## [Task]
From the first line of the data through the line containing "Golden Lady Joanne", transcribe each line exactly. Pictures do not belong in the copy.

## [The input]
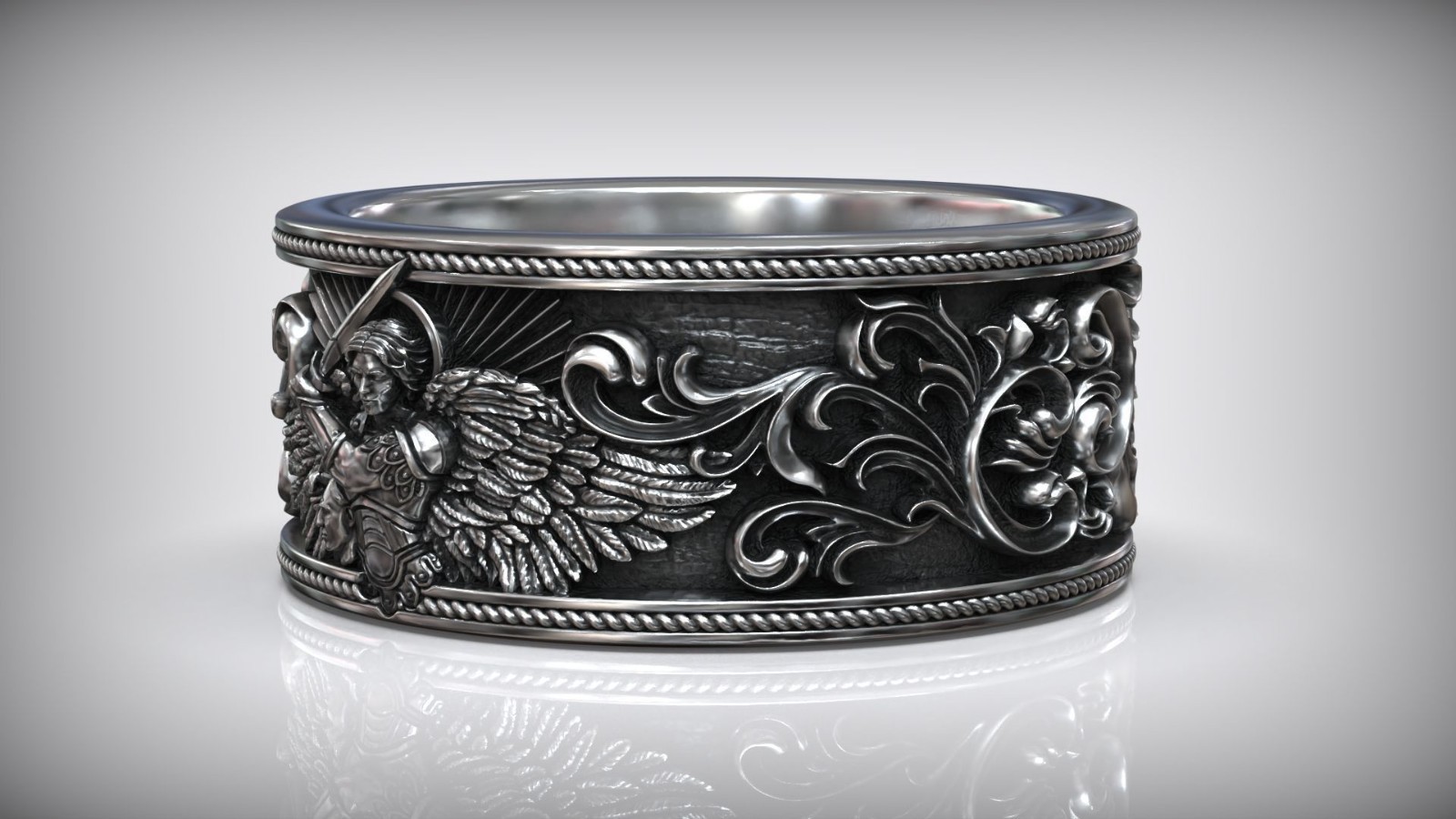Oxidized Saint Michael Archangel With Sword & Demon Head 925 Silver Wedding Band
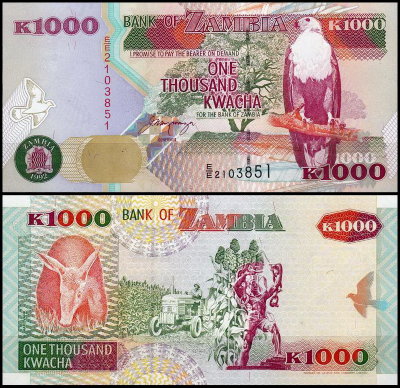 Замбия 1000 квача 1992-2003 (UNC Pick 40)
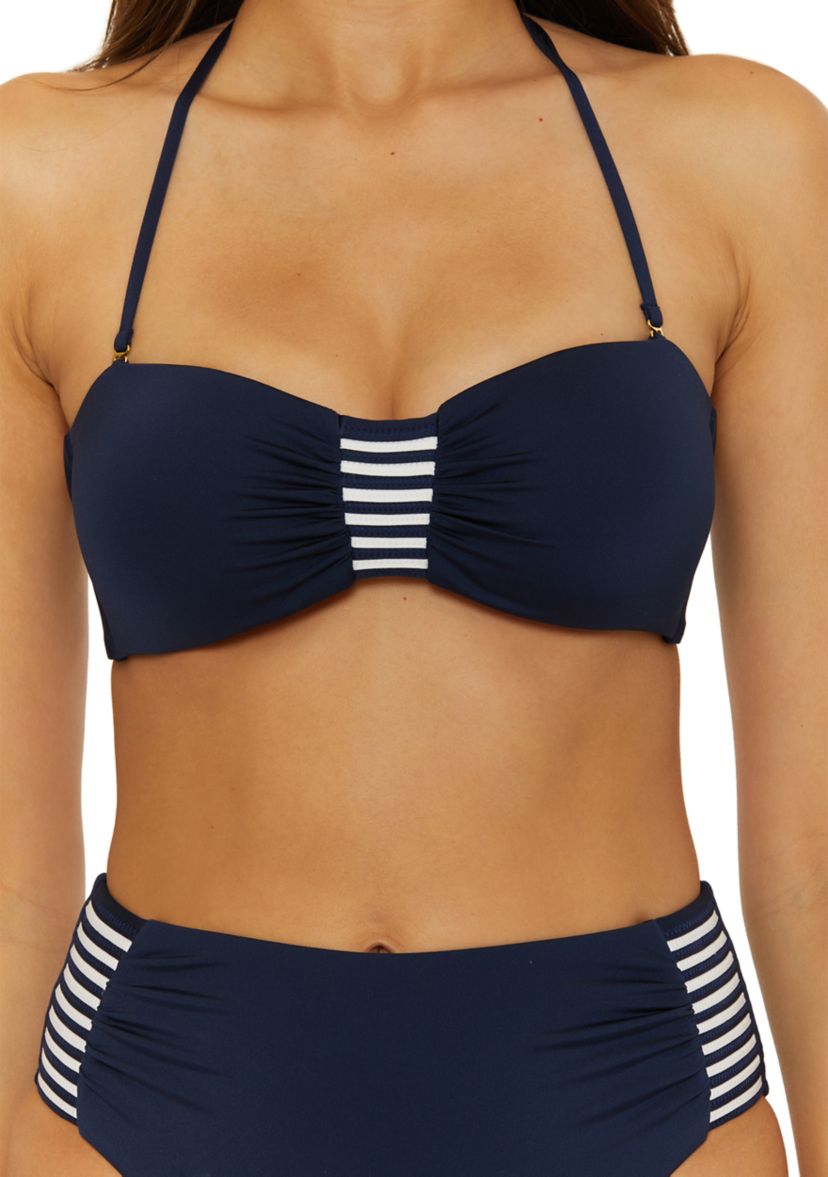 Solid Monaco Stripe Tab Bandeau Swim Top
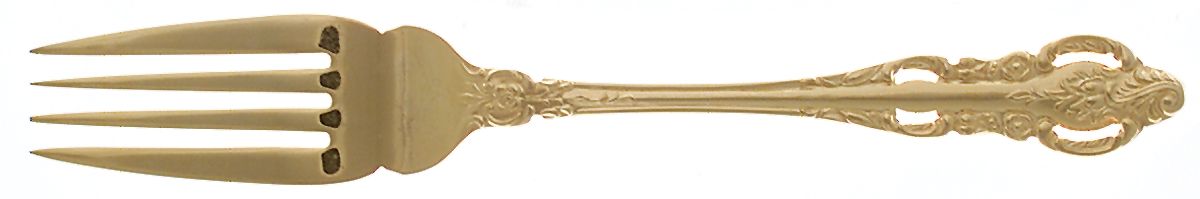Golden Lady Joanne (Gold Electroplate) Medium Solid Cold Meat Serving Fork by Stanley Roberts-1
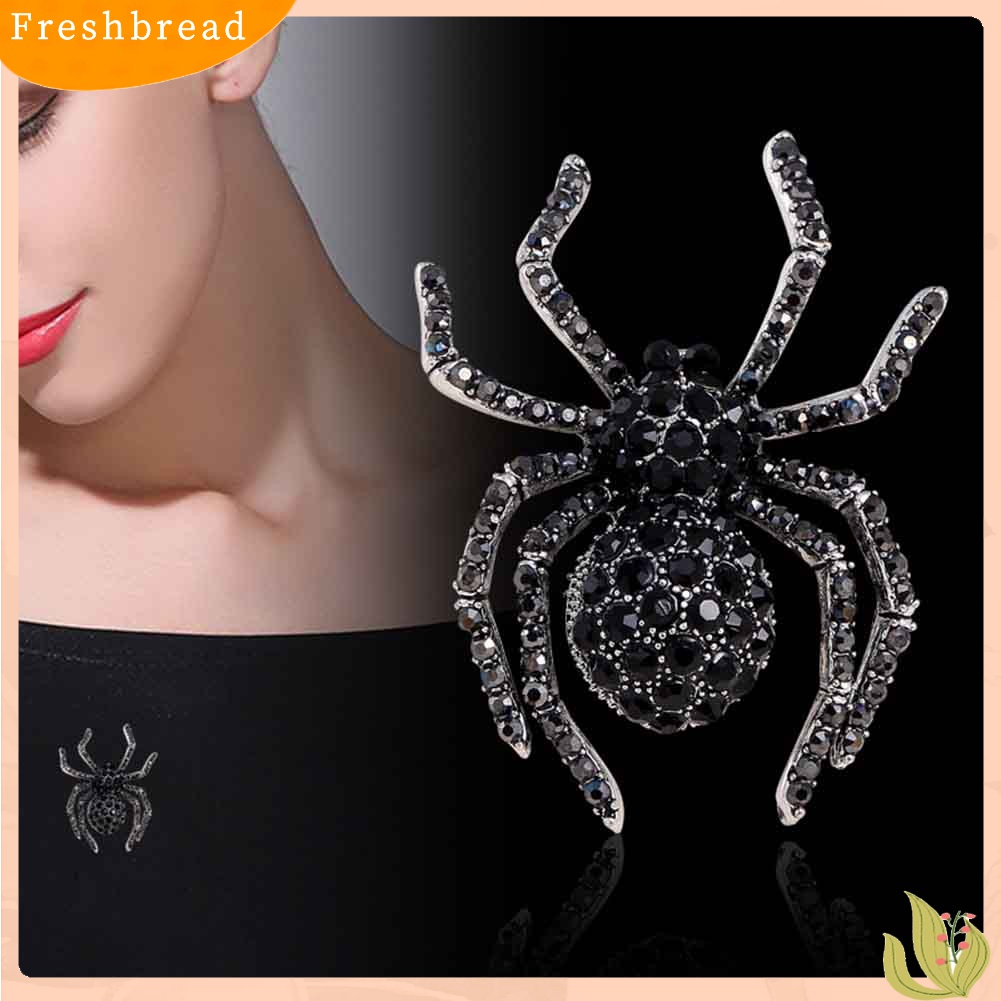 Terlaris Vintage Women Rhinestone Inlaid Spider Brooch Pin Bag Badge Lapel Jewelry Gift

## [Answer box]
Oxidized Saint Michael Archangel With Sword & Demon Head 925 Silver Wedding Band
 Замбия 1000 квача 1992-2003 (UNC Pick 40)
 Solid Monaco Stripe Tab Bandeau Swim Top
Golden Lady Joanne (Gold Electroplate) Medium Solid Cold Meat Serving Fork by Stanley Roberts-1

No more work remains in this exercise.